Jigasi high CPU usage with few calls

I don’t expect the threads to go down for the same scenario. Throwing more CPU power will help, but you need to do the math more cpu per machine or more vms in the autoscaling pool.

Yes, I have to find the sweet spot between CPU power and number of calls that it will handle vs pool sizing.

The main issue is costs :slight_smile:

Do you have any feedbacks/clues about how the new ARM64 graviton2 CPU that AWS offers perform? (and is ARM64 supported by jitsi/jigasi?)
I was wondering if those CPUs architectures will help with media related operations.

No idea about those instances, but arm will not work, what I can think of jitsi-srtp uses native bindings to openssl and arm is not one of the supported architectures and it will default to java impl for those operations which I doubt will do better …

Ok thanks for the feedback, bummer!

@damencho, while doing tests to determine the best instance/instance size I think I found an issue that leads to Jigasi misbehaving and ultimately failing to handle calls.

I was doing tests on a C5.XL instance, for 80 simultaneous calls, then 100.
I was measuring CPU usage, system load & memory consumption.

80 simultaneous calls seems to be the maximum on this instance size, at 100 calls the pressure is too high and there are unexpected call failures.

But the issue is that while doing my tests, I noticed on my two instances of jigasi that the number of threads grow at each run, then it shrinks when the run is finished, but it seems that there is a “thread leak” since at the end I got many more threads.
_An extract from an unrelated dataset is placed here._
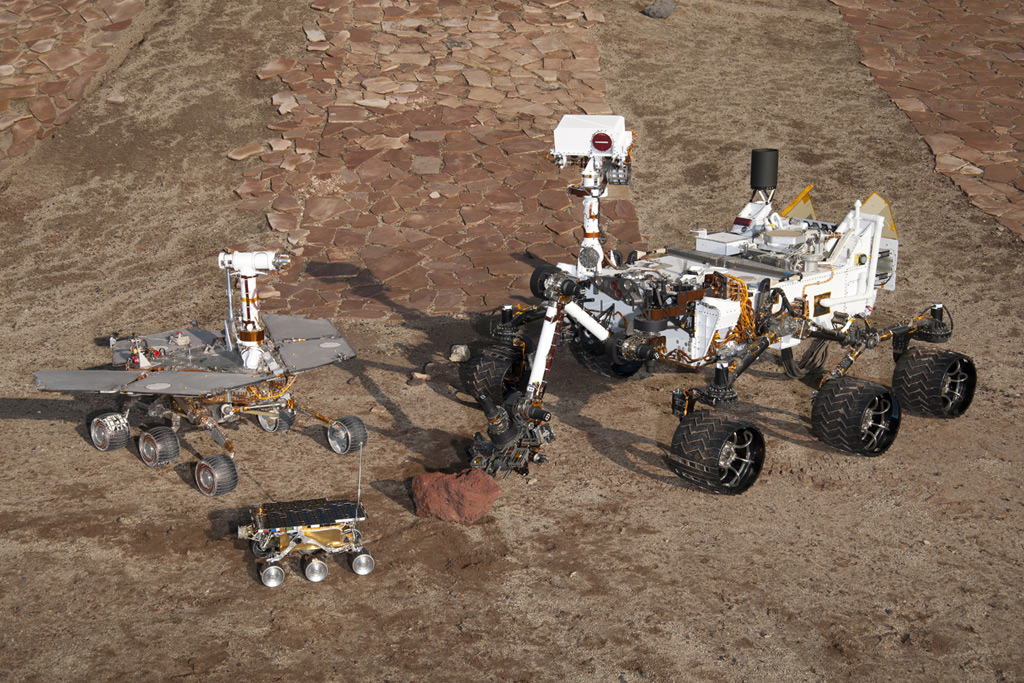 Comparaison de Rovers de la NASA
For example, I ran 10 tests, each tests consists of 80 sip calls per instance.
Each sip call = 1 conference room with 1 user (so 2 users in the same conference room since 2 instances have 80 sip calls each).
Here are the number of threads (using /about/stats route) that I got after each run:

  • “threads”:718.
  • “threads”:2231
  • “threads”:2380
  • “threads”:2929
  • “threads”:3615
  • “threads”:4049
  • “threads”:4499
  • “threads”:5047
  • “threads”:6010
  • “threads”:7054

I got the same behavior on my two EC2 instances.
I noticed that after the 4th run, the performance was worse each run with more and more failed calls.

Then I stopped the tests and got out for lunch, and when I came back here’s what I found:
With 0 active calls, the first EC2 instance is sitting at ~7200 threads and 1.6-1.9 Load average, jigasi is using about 30-40% of each cpu cores doing nothing.
On the second EC2 instance, jigasi has disconnected from asterisk and will not handle any incoming calls, sitting at 7400threads and using a small CPU portion (~3% of each CPU cores)

There are no messages in jigasi logs despite the idle cpu consumption.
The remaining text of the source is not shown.